Rep. Brad Sherman (D-Northridge) and Rep. Haley Stevens (D-Mich.) talk as they walk down the steps of the House Chamber at the U.S. Capitol on January 12, 2023.

(Kent Nishimura/Los Angeles Times)

In a class-action lawsuit filed by veterans over a range of complaints against the VA, U.S. District Judge David O. Carter ruled in May that the policy discriminates against disabled veterans. “Those who gave more cannot receive less,” he wrote.

HUD's announcement came on the third day of a bench trial in the lawsuit in Los Angeles that was aimed in part at determining what relief Carter would order to end the discrimination.

“The change is welcome, but it should have been made years ago,” said Mark Rosenbaum, an attorney with Public Counsel and counsel on the veterans' lawsuit. “It shouldn't take a lawsuit and a ruling by a federal judge declaring illegal and discriminatory a cruel and insane policy that has kept our most disabled veterans on the streets instead of in housing to finally end it.”

The issue, long a source of frustration and anger among veterans, gained political traction when new housing was being built on the U.S. Department of Veterans Affairs’ West Los Angeles campus and veterans living in a small housing village there learned they could not qualify for it because their incomes exceeded the limit for veterans’ subsidies called HUD VASH vouchers.

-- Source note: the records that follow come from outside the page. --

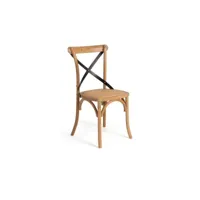 set de 2 chaises 89x52x48cm - bois d'orme.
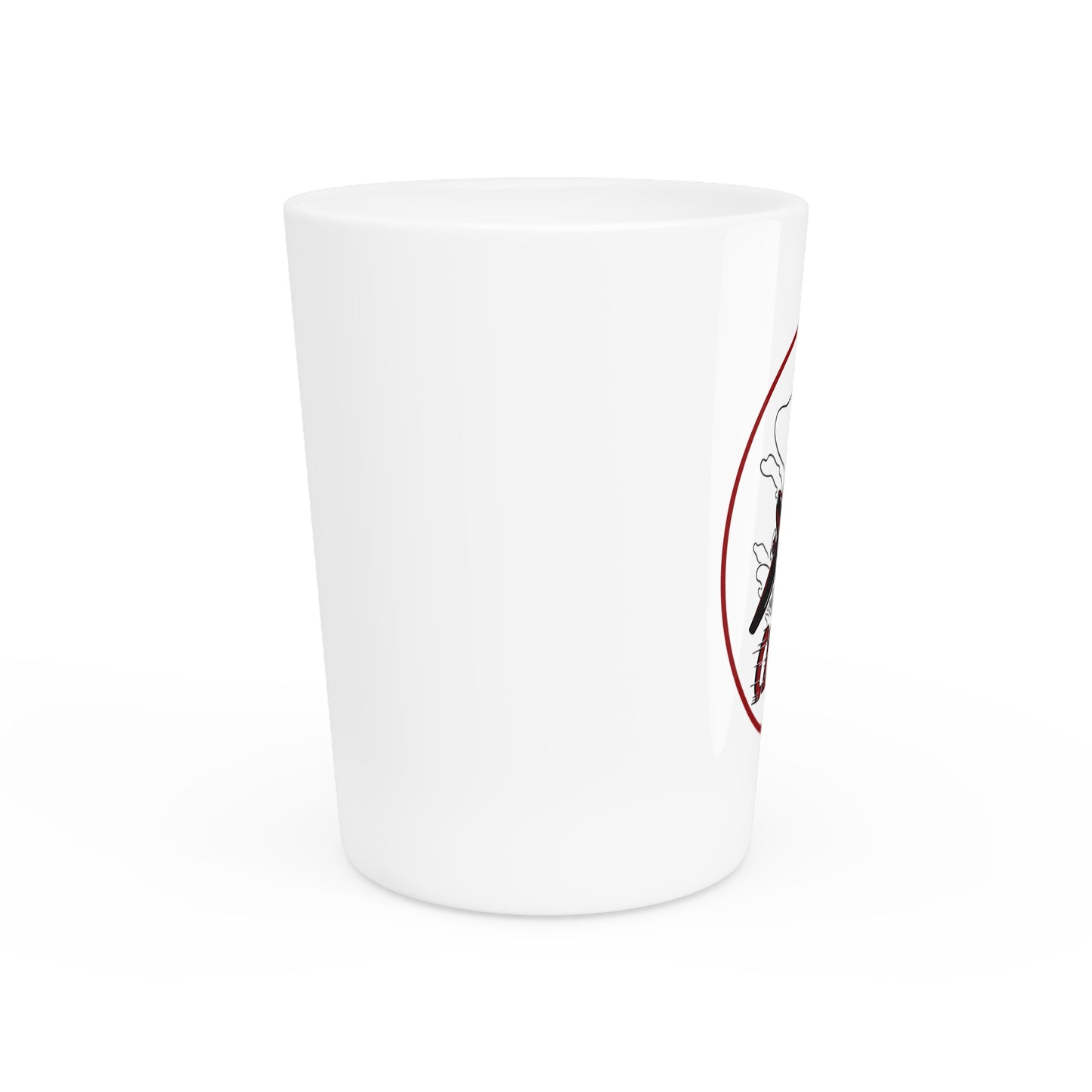 Clipper Petroleum shot glass detail — vintage petroliana barware — The Faded Label Co.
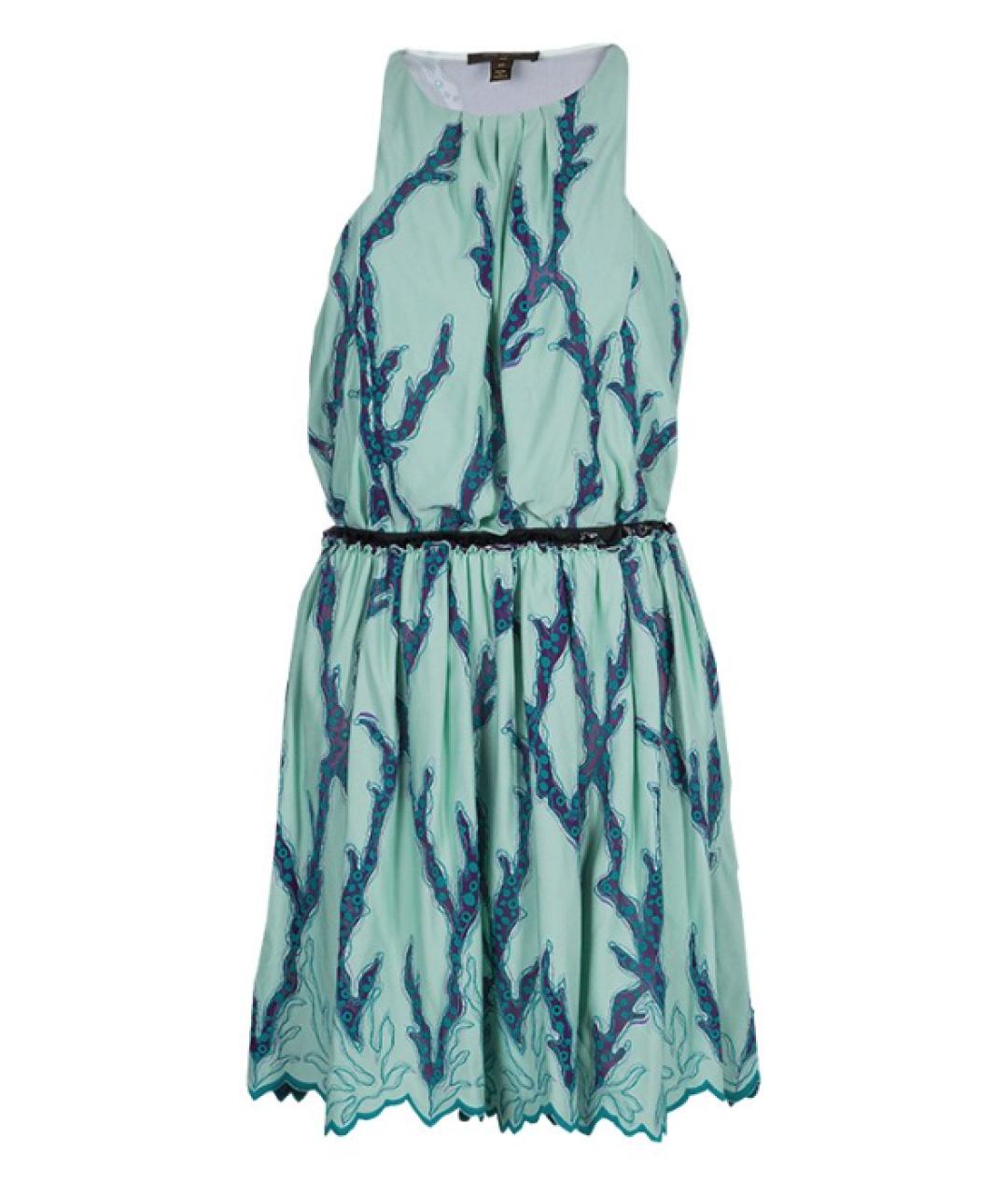LOUIS VUITTON Бирюзовое хлопковое коктейльное платье, фото 1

In January, Sherman questioned Fudge at a congressional hearing, saying that while he was pushing legislation, he thought the solution did not require a change in the law.

“Your department is more functional than Congress,” Sherman told Fudge. “So I hope that instead of coming to us and telling us what to do, I can come to you and tell you what you can do.”

“If I could do it today, I would,” said Fudge, who retired in March.

Sherman attributed the eight-month delay to bureaucracy, but said he thought a conversation he had with Acting Secretary Adrianne Todman had helped.

“I think she moved on with that,” he said.

Bass also pushed Todman to make the change as a member of the U.S. Conference of Mayors. In April, more than 50 mayors from across the country raised the issue in meetings with key members of the Biden administration, the U.S. Senate and the U.S. House of Representatives.

A sign in support of housing for homeless veterans sits outside a tent on Veterans Row

A sign in support of housing for homeless veterans sits outside a tent on Veterans Row along San Vicente Boulevard in West Los Angeles on October 30, 2021.

(Genaro Molina / Los Angeles Times)

HUD also made $20 million available for additional administrative funds to 245 public housing agencies in 43 states to expand their housing assistance to support veterans, expand landlord recruitment for the program, offer incentives and retention payments, assist veterans with security deposits, and provide landlord-tenant mediation activities.

The new policy also requires public housing agencies that administer HUD-VASH vouchers to set income eligibility for veterans at 80% of the area median income, up from the generally applicable 50%. This expanded eligibility will allow more veterans to be housed.

Under the new policy, disability compensation will continue to be counted as income in calculating the amount a veteran must pay for rent, but not in determining eligibility. Tenants in subsidized housing must pay 30% of their income toward rent.

Sherman said he refrained from including the rent calculation in his legislation because a change would have had budgetary implications and would have made it more difficult to pass.

“I wanted to start with eligibility and then come back and deal with the rent calculation,” she said.

Sherman said he thought the policy change was better than a U.S. District Court ruling because it is not subject to appeal.